After that, I wanted to hand over the permissions to configure their projects to the corresponding teams (groups). Those groups are available, I see the user accounts and the members can login and see the project.

This is where I fail. The users are of type Owner on the imported GitLab groups, so it can’t be configured differently.

  • I can’t configure permissions on the project settings (Project → Settings → Permissions). I get a red popup with “Operation not allowed when the project is externally managed”
  • I can’t attach a Permission Template to a Project (Project → Settings → Permissions) with the same error message.
  • I can create a new Permission Template, but when I want to apply it via Administration → Projects → Projects Management it fails with You can't apply permission templates to GitHub projects.
  • What I can do is assigning Global Permissions to groups through Administration → Security → Global Permissions, but that’s not working for project permissions.

There are no log entries on the Server that would be helpful.

Is this a bug, because the feature is so new or am I doing something wrong? The documentation states that group permissions are only handled by GitHub, and I see an error that states I am trying to change the permissions for a GitHub project, but I only used GitLab integrations (Auth and DevOps).

I’m doing some testing with Sonarqube and Gitlab integration.

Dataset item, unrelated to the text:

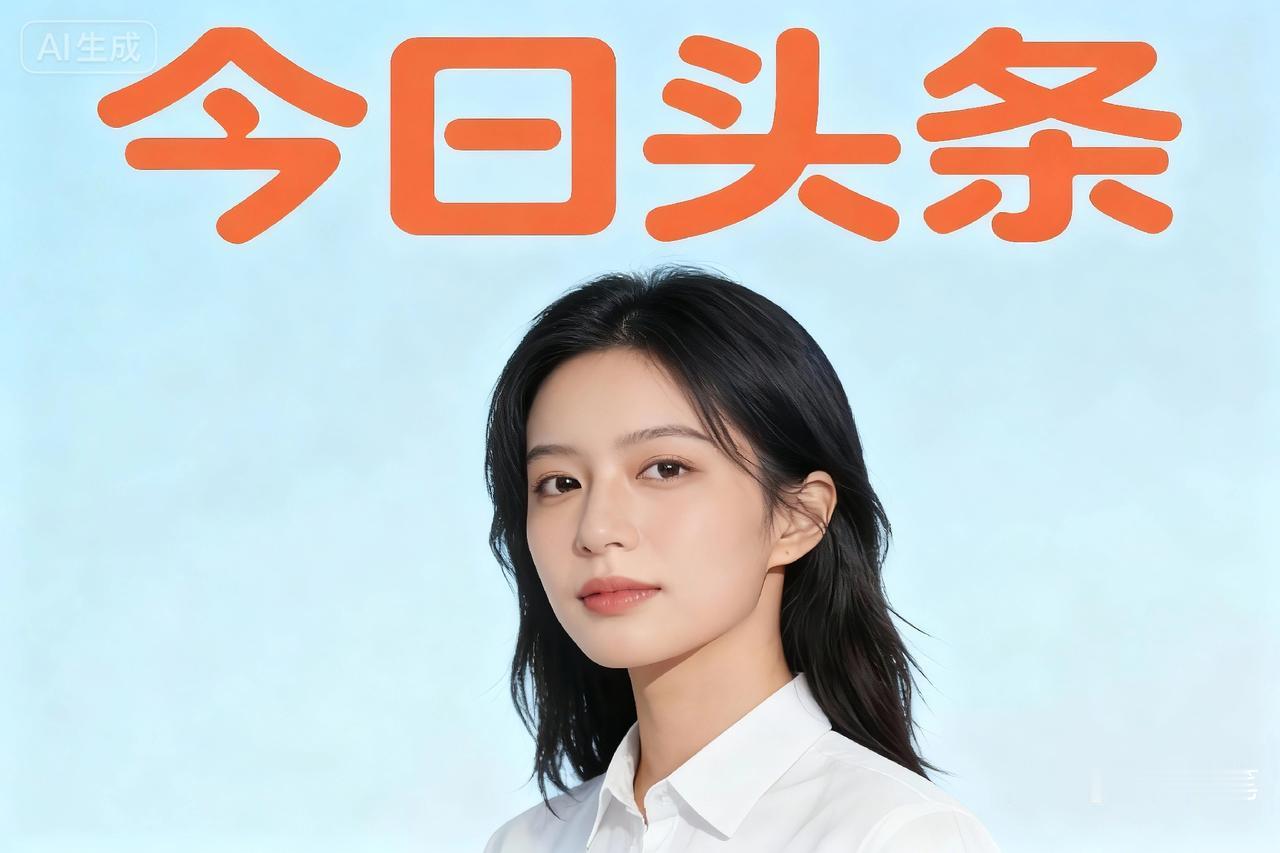 我每天关注的这些社会热点和新闻热点都紧扣民生与安全，
是切合治理精细化的体现——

I’ve setup Gitlab Authentication (with Automatic user and group provisioning) and Gitlab Devops Platform Integration on a Sonarqube test server.

Both instances are on premises and with theses versions :

  • Sonarqube 10.4 enterprise
  • Gitlab 16.8.5 community edition

Sonarqube has correctly imported my users and my groups.

I’ve created several projects by the devops platform integration. But all the created projects are Public and with no permissions mapping from the group they come from on gitlab.

Moreover I can’t change the permissions by the Permission menu of the project or by applying a permission model.

I can’t seem to find the documentation on this precise functionnality. Is it possible to import the project as private with the correct group persmission mapping ?

Notice that the originating groups and projects on gitlab are private.

@FredericS I’ve moved your post to a very similar topic. Somebody from the right team should be along to take a look.

1 Like

@Alexander_Zerbe @FredericS ,

Thanks for your reports.

We acknowledge there is a bug. I could reproduce it and I have opened a ticket to fix it.

In the meantime, as a workaround, you can disable temporarily auto-provisioning on GitLab and set permissions manually. Then you can re-enable GitLab provisioning and permissions will be kept.

We will communicate on when the fix will be delivered.

Cheers,
Aurélien

1 Like

Same problem here…

This topic was automatically closed 7 days after the last reply. New replies are no longer allowed.